Week 12: 27/28 March

One way of checking the main topics in this course is to look at all the words in bold type in this lecture summary. You should make sure you understand each of these terms.

We started off this course by looking at the use of objects, how we can call methods on them which may return values and/or change their internal state, how there is a distinction between objects and the variables that refer to them, so a variable (like a name) may change the object it refers to, and (like names) there may be more than one variable referring to a single object. Then we considered arrays, the idea of writing methods which work on arrays, and that these methods be destructive (change arrays passed as arguments) or constructive (leave argument arrays unchanged, but create and return new arrays).

Next we considered that Java generic types, such as ArrayList provide a more flexible way of holding and manipulating collections of data than arrays. We considered the type LispList as an alternative form of collection to ArrayList, which was recursive rather than indexable, and immutable rather than mutable. We used Lisp lists to look at operations expressed using recursion as an alternative to iteration.

We followed by turning to how we could write classes which implement the objects we have been using when these classes have not already been provided in the Java library.
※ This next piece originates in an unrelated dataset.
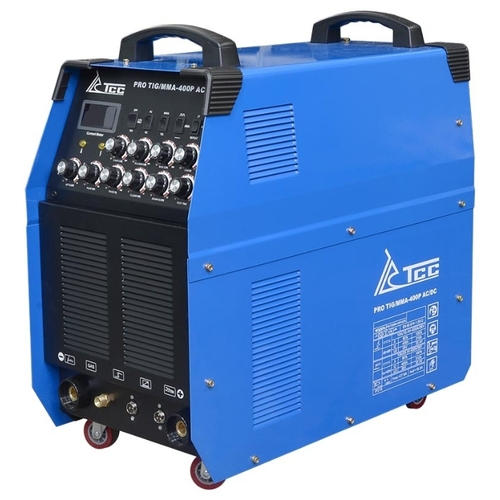 Сварочный аппарат ТСС PRO TIG/MMA-400P AC/DC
We contrasted the idea of an Abstract Data Type, which is viewing a class of objects in terms of the operations which can be called on it, with a data structure, which is the structure of variables inside an object which are manipulated so that it appears to give the behaviour as dictated by its abstract data type.

We looked at sorting algorithms, and noted that the speed taken to sort a large collection of data could vary dramatically depending on the algorithm chosen. We saw the "big-O" notation as a way of categorising algorithms in terms of their efficiency by estimating the number of significant operations (such as comparisons between data items) that occur if a particular algorithm is used.
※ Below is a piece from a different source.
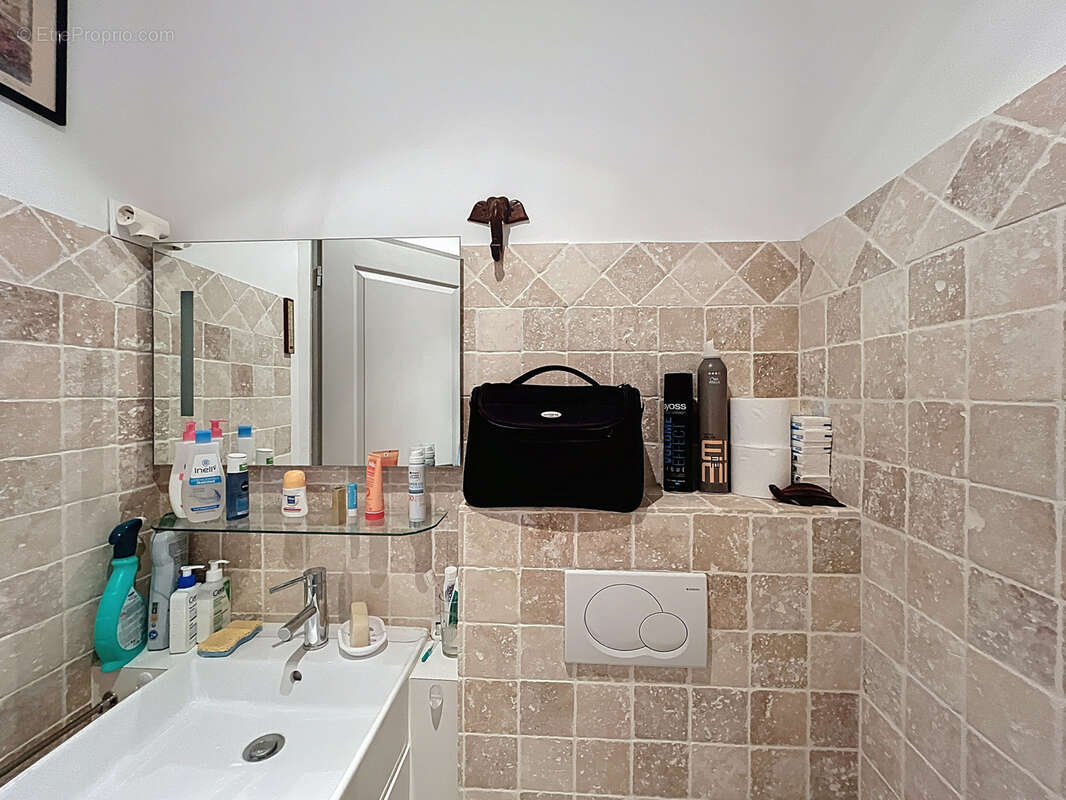 Appartement à LA CONDAMINE-CHATELARD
Next we looked at inheritance, how one class of object can be declared as a variant on another class (modifying it and/or adding extra capabilities), and how we can write Java code which is general for a class and for all classes which extend it in this way. This leads into the mechanisms needed to handle the fact that a Java variable declared as of one class may refer to an object created using the constructor of a class which extends that class. We saw the idea of type variable used to write code which is general for a range of types, and bounded type variables used to write code which is general for a range of types which extend some particular type.
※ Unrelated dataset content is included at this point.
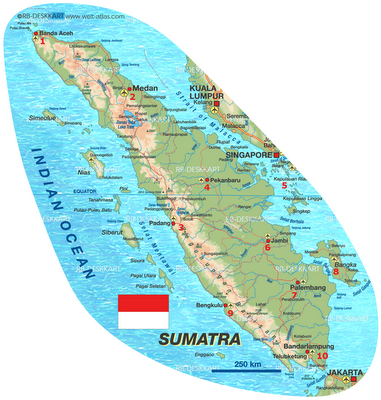 Pulau Sumatera Pulau Sumatera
We saw the idea of linked lists as an alternative data structure to arrays used to implement collection classes. We noted that just as there may be different algorithms used as alternative ways of solving the same problem, so there may be different data structures used to implement the same abstract data type. This is recognised in the Java code library, which, for example, has the type LinkedList, which behaves similarly to ArrayList, but has a doubly-linked list data structure inside it rather than an array-and-count. We looked at some of the other features provided by Java in its collections framework. This includes classes which give set-like rather than array-like behaviour, interface types which enbable us to write objects which can be passed as arguments to tell some code how it should order a class of objects, and iterators which are objects that go through a collection of objects one item at a time.